À ce titre, la figure de Wendy Carlos est éminemment pertinente. C’est la première à faire ce pas de rupture en utilisant des sonorités plus étranges dans son travail de la musique de Jean-Sébastien Bach, et qui essaimera auprès de tant d’artistes, et qui a inspiré une grande partie de celles et ceux présent·es au festival. Évidemment, au-delà de son rapport à la musique électronique et à la pop, c’est le lien avec son parcours personnel et la question de la déviance dans des musiques dites queer qui interroge cette ligne de crête sur laquelle le renouveau aventureux des musiques baroques peut avoir à s’interroger, à la fois dans la façon dont l’électronique s’empare du répertoire, mais aussi dans la façon dont il devient lui-même répertoire.

Ce répertoire, il a eu l’occasion d’être bien en vue : que ce soit dans la version académique mais touchante de Julien Lheuillier le dimanche, ou l’excellent set de Sarah Terral le samedi, dont on aurait bien pris un peu de rab. On évitera de s’arrêter sur le concert de Fiesta En El Vacio, dont on n’a pas du tout compris la présence en ce samedi soir, et qui restera le point faible du week-end.

En terme de gros noms, Synth Chapelle a pu cocher la case en faisant sa conclusion avec la performance de Jonathan Fitoussi.

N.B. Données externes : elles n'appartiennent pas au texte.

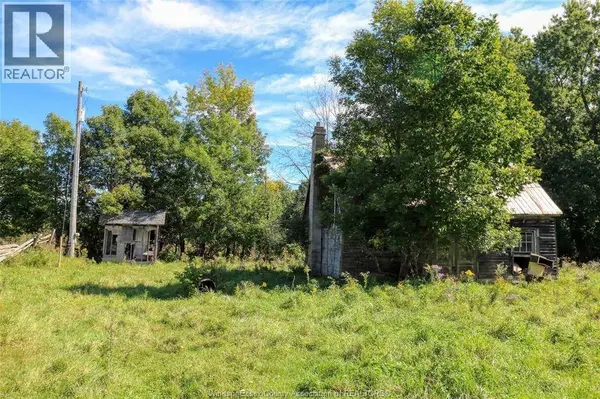 1049 Sandringham ROAD, Kawartha Lakes, ON K0M2T0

Amoureux des synthés, pape des rééditions de musiques radiophoniques et grand héritier de Wendy Carlos et Suzanne Ciani, le boss de Transversales Disques est venu présenter Poème Symphonique, sa version modulaire de la première de Gustav Mahler. Si la performance sur disque est intéressante pour le paradoxe évident qu’elle pose entre les sonorités de Fitoussi et le spectre sonore malherien, on a eu du mal à retrouver l’énergie sur les 45min de musique ; sans jamais oublier d’apprécier son superbe synthétiseur (dont on n’a pas du tout retenu le nom) et l’effet esthétique saisissant dans la chapelle.

Première pierre d’un édifice qui rêve d’un festival par saison, Synth Chapelle, événement d’hiver de l’installation de Superspectives à la Trinité, a été un petit bol d’air pour les amoureux·ses des synthés de la région lyonnaise, dans laquelle on en avait besoin, et qui propose un nouvel espace musical dans un centre-ville qui a tendance à péri-urbaniser ses lieux culturels.